With much of the White House evacuated for safety in the hours after the Sept. 11 attacks, Clarke worked in the situation room there with National Security Adviser Condoleezza Rice and Vice President Dick Cheney as stunned leaders planned what to do next. His supporters said Clarke played a central role in the unprecedented decision to quickly ground the nation's airliners.
Clarke previously led the government's secretive Counterterrorism and Security Group, made up of senior officials from the FBI, CIA, Justice Department and armed services, who met several times each week to discuss foreign threats.
"It was really the engine room of the anti-terrorism effort," said Sandy Berger, Clinton's former national security adviser and Clarke's former boss. "He's not an easy guy. He's very demanding. More than once people would come to me and complain, but that's why I wanted Dick in that job: He was pushing the bureaucracy."
Clarke also had the ear of President Clinton about the risks from a biological attack, years before anthrax poisoned the U.S. mail.
"Dick was the single most effective person I worked with in the federal government," said Jonathan M. Winer, a former deputy assistant secretary of state. "When he was given the authority, he would stay with something every day until it got done. He's efficient and tough-minded. I never saw anyone else as good."
Clarke is known for his aggressive--sometimes abrasive--personality and for his willingness to bypass bureaucratic channels. Under Clinton, he was known to contact Special Forces and other military commanders in the field directly, irritating the Joint Chiefs at the Pentagon.

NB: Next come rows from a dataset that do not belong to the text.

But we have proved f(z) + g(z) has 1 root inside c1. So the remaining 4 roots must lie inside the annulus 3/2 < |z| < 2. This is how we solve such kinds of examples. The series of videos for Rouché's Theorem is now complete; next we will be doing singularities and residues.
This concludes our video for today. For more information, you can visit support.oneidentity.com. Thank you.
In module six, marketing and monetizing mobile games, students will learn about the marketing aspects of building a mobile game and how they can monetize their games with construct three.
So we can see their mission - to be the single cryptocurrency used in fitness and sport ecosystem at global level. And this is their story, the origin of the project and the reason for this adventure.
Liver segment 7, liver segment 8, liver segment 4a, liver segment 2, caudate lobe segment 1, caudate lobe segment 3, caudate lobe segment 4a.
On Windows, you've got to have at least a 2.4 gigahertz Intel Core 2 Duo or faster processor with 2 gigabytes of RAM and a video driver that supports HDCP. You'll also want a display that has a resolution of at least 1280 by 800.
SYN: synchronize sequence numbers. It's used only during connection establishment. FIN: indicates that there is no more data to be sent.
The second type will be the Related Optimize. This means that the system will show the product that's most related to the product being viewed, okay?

Clarke was "a bulldog of a bureaucrat," wrote former national security adviser Anthony Lake in a book two years ago. He said Clarke has "a bluntness toward those at his level that has not earned him universal affection."

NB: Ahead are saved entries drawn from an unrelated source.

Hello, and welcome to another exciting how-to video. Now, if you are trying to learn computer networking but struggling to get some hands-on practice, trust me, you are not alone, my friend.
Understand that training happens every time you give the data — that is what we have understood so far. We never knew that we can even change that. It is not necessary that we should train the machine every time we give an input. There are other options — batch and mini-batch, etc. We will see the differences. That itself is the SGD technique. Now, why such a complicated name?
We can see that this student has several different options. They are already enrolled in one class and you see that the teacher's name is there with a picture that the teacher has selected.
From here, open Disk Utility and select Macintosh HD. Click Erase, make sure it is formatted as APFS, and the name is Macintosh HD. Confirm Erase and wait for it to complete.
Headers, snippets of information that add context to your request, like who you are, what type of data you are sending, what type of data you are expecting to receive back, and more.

Some senior CIA officials under Clinton complained that Clarke pressed them to launch covert programs without adequate preparation or study, said Vincent Cannistraro, a former CIA counterterrorism chief.

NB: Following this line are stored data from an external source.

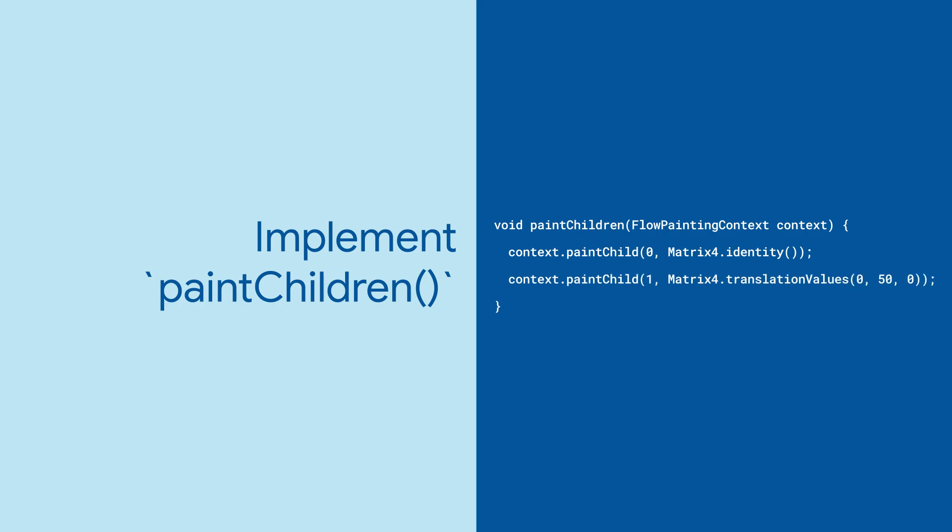To position the second child 50 pixels below the first, use context.paintChild again, but this time pass 1 as the index of the second child, and use a translation matrix.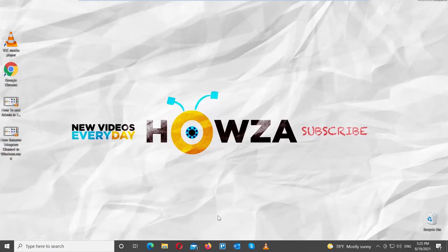Hey! Welcome to Howza Channel. In today's tutorial, we will teach you how to play two videos simultaneously in VLC Media Player.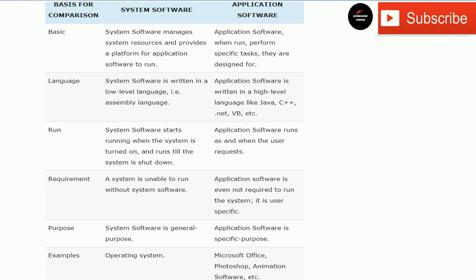To conclude: both system software and application software together make a system useful for the end user. System software is compulsory for the system to work, and application software is necessary for the user to perform their specific tasks.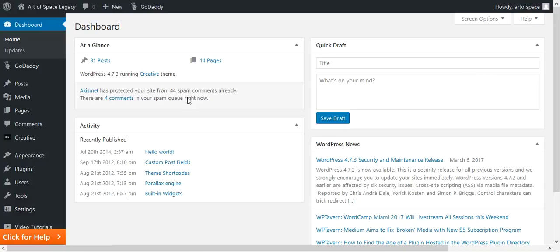In this video I'm going to show you how to work with widgets to build your WordPress website. A widget is nothing more than a little piece of software that adds additional functionality in terms of how your website displays to your visitors. Not all WordPress themes are heavily widgetized, but this one is, and it was built using widgets.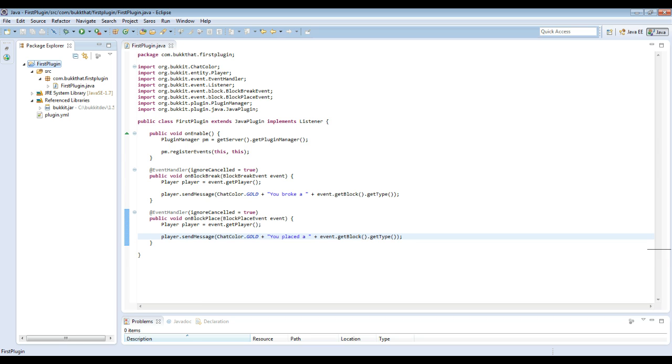One thing I recommend is do not upload this to BukkitDev as a plugin. I see a lot of submissions off of just what plugin tutorials are, and then people upload that. This is not your own code. So you are not allowed to upload code that is not your own to BukkitDev, even though it's very simple. Just please create something original when you upload it. And that's all there is to this first tutorial. So thanks for watching.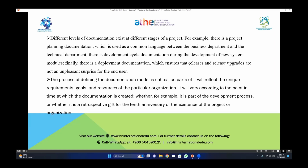The process of defining a documentation model is critical as parts of it will replace the unique requirements, goals, and resources of a particular organization. It will vary according to the point in time at which documentation is created — whether it is part of the development process or whether it is a retrospective for the tenth anniversary of an existing project or organization — and how you are going to change, amend, and present it.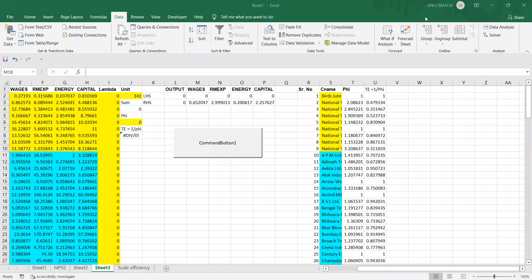In the previous video, we saw output-oriented technical efficiency under variable return to scale. We saw how to automate it using Visual Basic or macros command.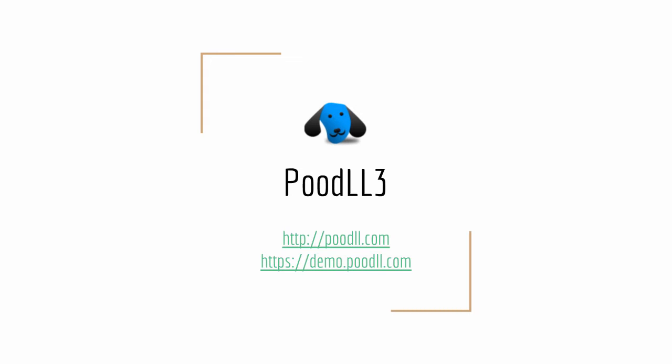Today I want to talk about Poodle 3. Poodle 3 is the latest iteration of Poodle and you can actually see a demo of Poodle 3 running at demo.poodle.com and more information about Poodle is available on poodle.com.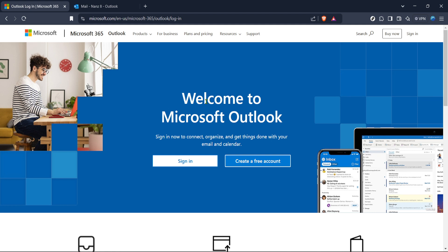First, start by opening your preferred web browser and head over to the Microsoft Outlook login page. This is your portal to accessing your emails. If you're not already logged in, you'll need to click on the sign in button, which should be prominently visible on the page. From there, enter your credentials to access your Outlook account.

"He gave the impression he was somewhat of a cowboy," Cannistraro said. "There was no love lost between Clarke and the CIA."
Clarke managed largely to avoid Washington's finger-pointing over failures to anticipate the Sept. 11 attacks, even though he was the top counterterrorism adviser and he was replaced by the White House in that role less than one month later.
"Dick in both the Clinton and Bush administrations was the voice pushing this forward, calling out about the dangers," said William Wechsler, a former director for transnational threats on the National Security Council.
"There's an easy reason why no one is pointing the finger at him."
The security council's director for counterterrorism under Clinton, Daniel Benjamin, described Clarke as "a visionary in terms of pushing hard to recognize the dangers of al Qaeda; certainly the new administration should have attended to his thoughts a little more."
Clarke already has submitted his resignation letter to the president, one person said. Clarke is among the country's longest-serving White House staffers, hired in 1992 from the State Department to deal with threats from terrorism and narcotics.
A spokeswoman, Tiffany Olson, said Clarke, who reports to Rice and Homeland Security chief Tom Ridge, hasn't told White House staff at the President's Critical Infrastructure Protection Board that he plans to leave.